-- Problem description --
All of the records below must be output exactly, with no pictures carried over.

[Stored entries]
######
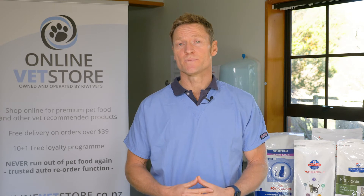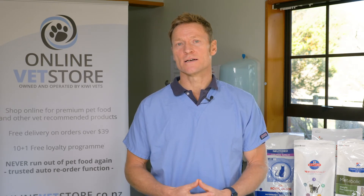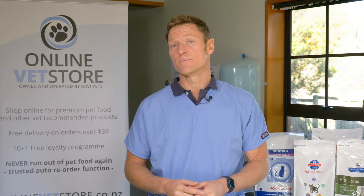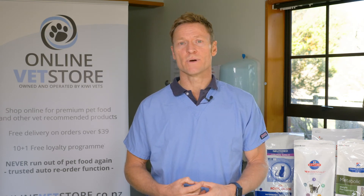Your cat doesn't want to jump up on the sofa to be on your lap, and may be more reluctant to go outside. These are all signs that your cat may be starting to show signs of arthritis. Fortunately, there are some really good treatments that we can offer to keep them comfortable over the winter months.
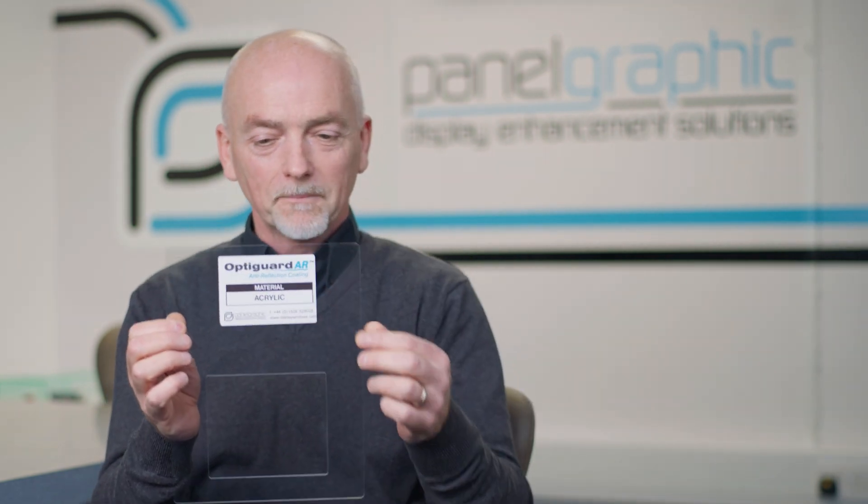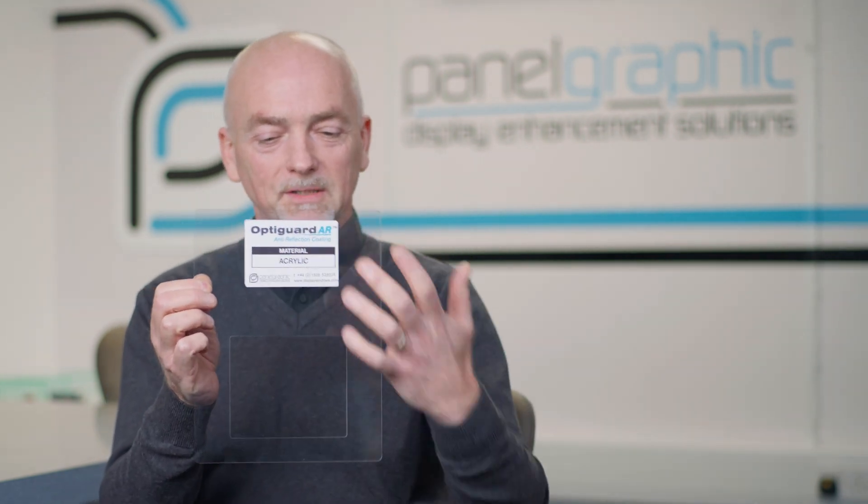Panel Graphic is about innovations — we like to do something which is unique, special, better than anybody else. This product looks quite straightforward; this is a conventional piece of plastic, and what you see around here is this reflective piece of plastic. But actually in this section here, this has our coating.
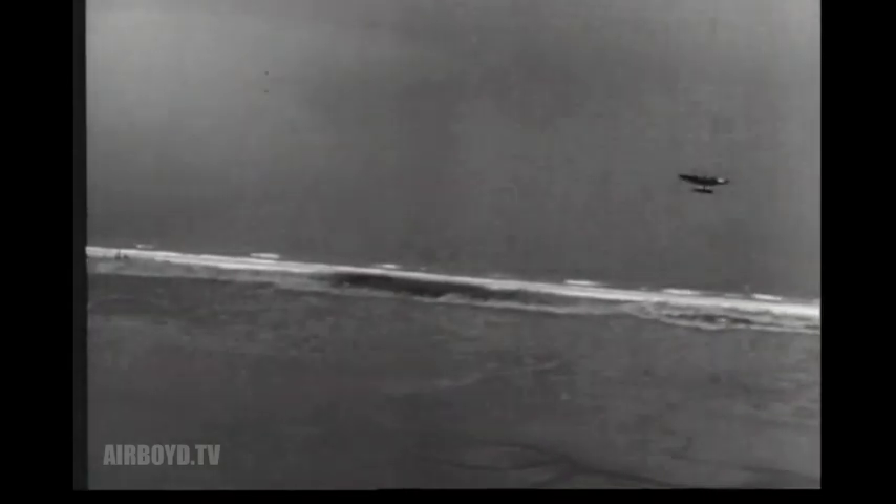First production of the F-7F goes to the Marine Corps, which will use them to clean up enemy strongpoints ahead of advancing ground troops. Later, the Navy will get them.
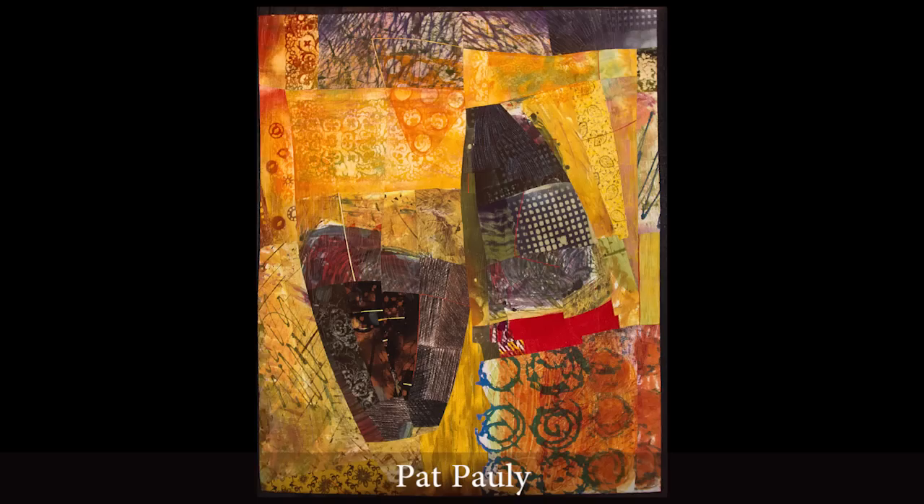Hi, I'm Luana Rubin from eQuilter.com. I'm here at the 2012 Houston Quilt Festival and I'd like to take you on a little tour of my favorite quilts here.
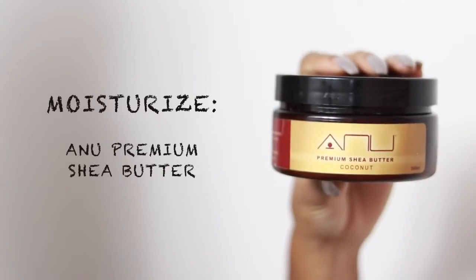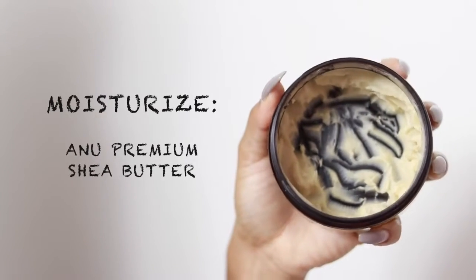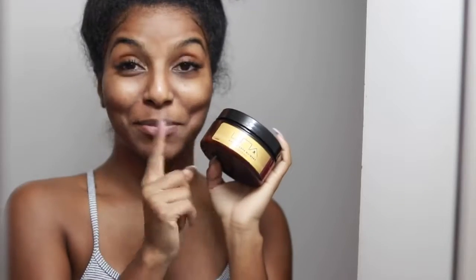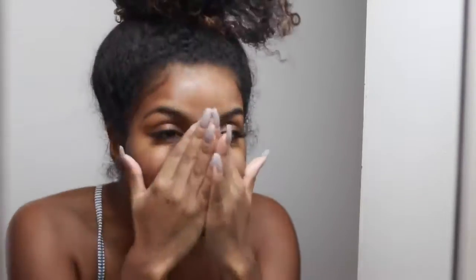Now it's time to moisturize my face. At nighttime I only use shea butter — not the kind from the beauty supply store, but 100% pure, homemade-style shea butter, because that's what works amazingly for my skin. Shea butter is known to treat many skin problems including blemishes, acne scars, wrinkles, skin wounds, and eczema. There are just so many uses for shea butter — it's just bomb.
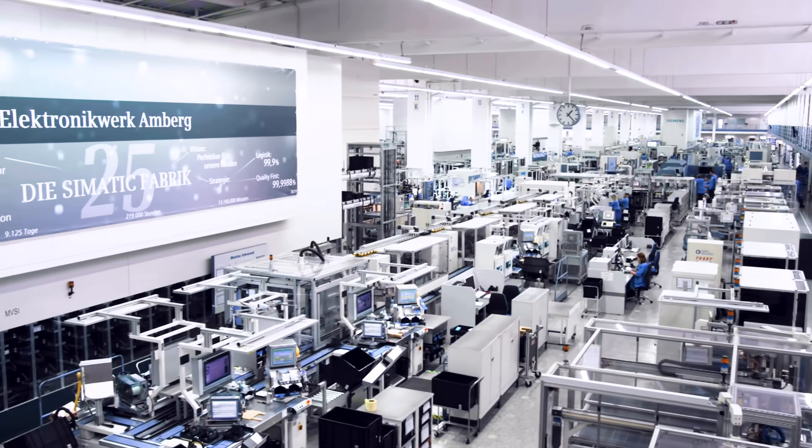My name is Thomas Meyer. I'm working for the Siemens company in the business unit factory automation, and therefore I'm located in Emberg, where our first digital factory in Germany is.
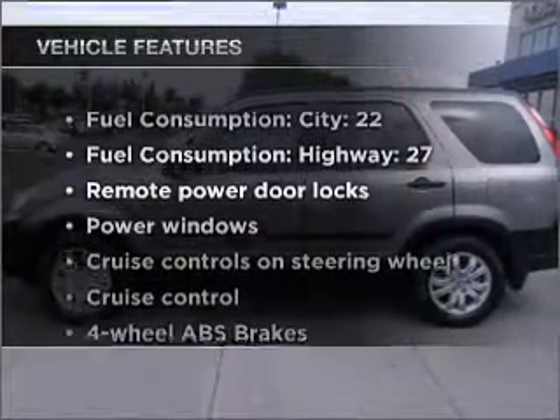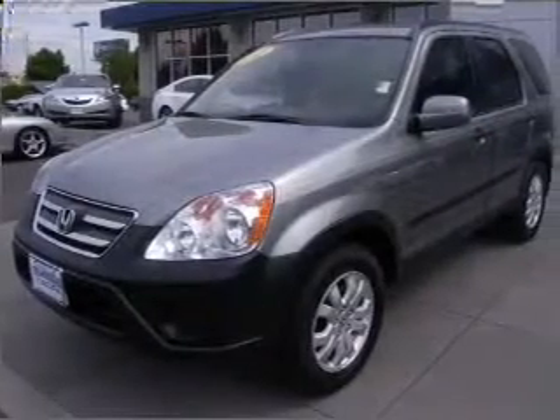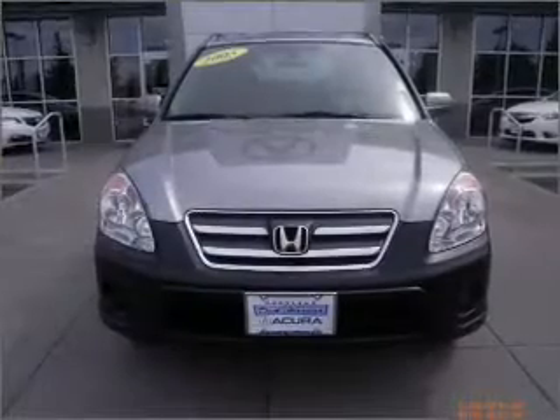Plus, enjoy these notable features that are included in this vehicle: air conditioning, power door locks, power windows, power steering, cruise control, power mirrors, an alarm system, an AM-FM stereo with a CD player, and an adjustable tilt steering wheel.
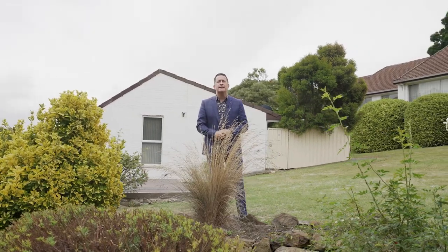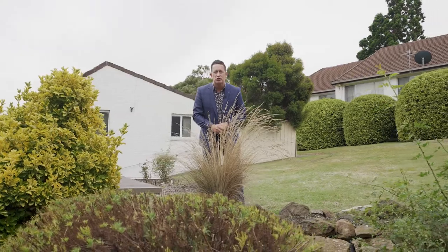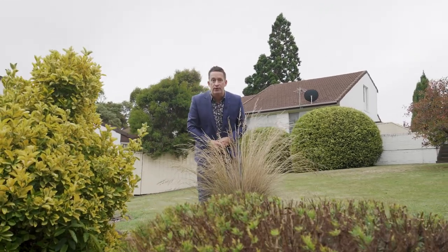Well g'day team, it's Ant Matten from PID's Rapid Response Unit. I'm in Sandy Bay today at 287 Churchill Avenue with a fully renovated belter for you. If you're an investor or first home buyer, you're gonna love it. Come inside, I'll show you what I'm talking about.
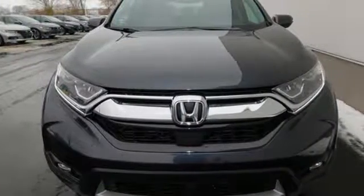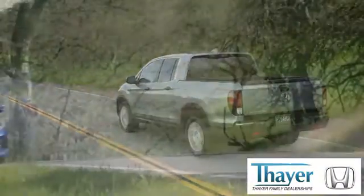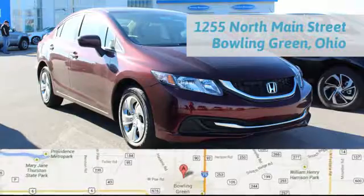Set the trend when you take this CR-V home today. Honda is happy to pass the savings and quality on to our customers. Call, click, or stop in today. We are conveniently located at 1019 North Main Street in Bowling Green, Ohio.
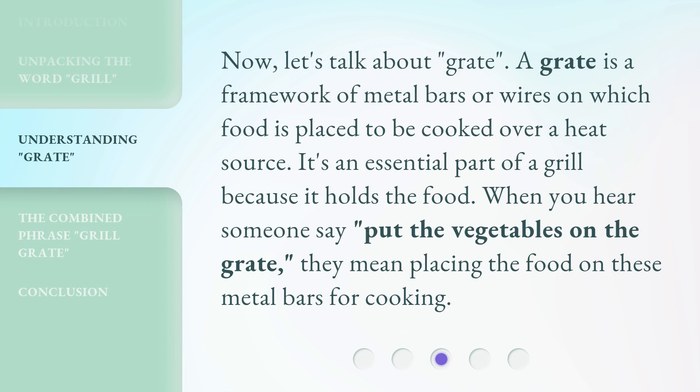Now, let's talk about grate. A grate is a framework of metal bars or wires on which food is placed to be cooked over a heat source. It's an essential part of a grill because it holds the food. When you hear someone say put the vegetables on the grate, they mean placing the food on these metal bars for cooking.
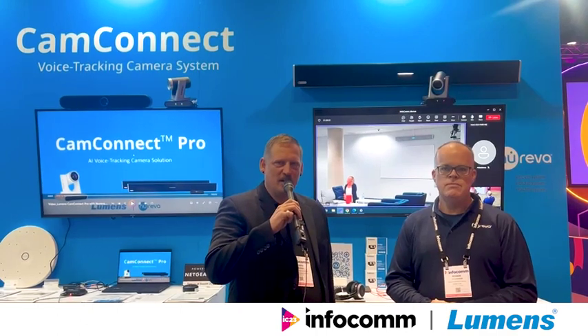Hello and welcome to the Lumen's booth, page 2061. I'm Chris with Lumen's and I'm here with Roger from the Reva. We're showing the FEM-Connect Reva Combination Audio Dragon Center with our new software demo.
######
-- Answer to this problem --
Your cat doesn't want to jump up on the sofa to be on your lap, and may be more reluctant to go outside. These are all signs that your cat may be starting to show signs of arthritis. Fortunately, there are some really good treatments that we can offer to keep them comfortable over the winter months.
Panel Graphic is about innovations — we like to do something which is unique, special, better than anybody else. This product looks quite straightforward; this is a conventional piece of plastic, and what you see around here is this reflective piece of plastic. But actually in this section here, this has our coating.
First production of the F-7F goes to the Marine Corps, which will use them to clean up enemy strongpoints ahead of advancing ground troops. Later, the Navy will get them.
Hi, I'm Luana Rubin from eQuilter.com. I'm here at the 2012 Houston Quilt Festival and I'd like to take you on a little tour of my favorite quilts here.
Now it's time to moisturize my face. At nighttime I only use shea butter — not the kind from the beauty supply store, but 100% pure, homemade-style shea butter, because that's what works amazingly for my skin. Shea butter is known to treat many skin problems including blemishes, acne scars, wrinkles, skin wounds, and eczema. There are just so many uses for shea butter — it's just bomb.
My name is Thomas Meyer. I'm working for the Siemens company in the business unit factory automation, and therefore I'm located in Emberg, where our first digital factory in Germany is.
Plus, enjoy these notable features that are included in this vehicle: air conditioning, power door locks, power windows, power steering, cruise control, power mirrors, an alarm system, an AM-FM stereo with a CD player, and an adjustable tilt steering wheel.
Well g'day team, it's Ant Matten from PID's Rapid Response Unit. I'm in Sandy Bay today at 287 Churchill Avenue with a fully renovated belter for you. If you're an investor or first home buyer, you're gonna love it. Come inside, I'll show you what I'm talking about.
Set the trend when you take this CR-V home today. Honda is happy to pass the savings and quality on to our customers. Call, click, or stop in today. We are conveniently located at 1019 North Main Street in Bowling Green, Ohio.
Now, let's talk about grate. A grate is a framework of metal bars or wires on which food is placed to be cooked over a heat source. It's an essential part of a grill because it holds the food. When you hear someone say put the vegetables on the grate, they mean placing the food on these metal bars for cooking.
Hello and welcome to the Lumen's booth, page 2061. I'm Chris with Lumen's and I'm here with Roger from the Reva. We're showing the FEM-Connect Reva Combination Audio Dragon Center with our new software demo.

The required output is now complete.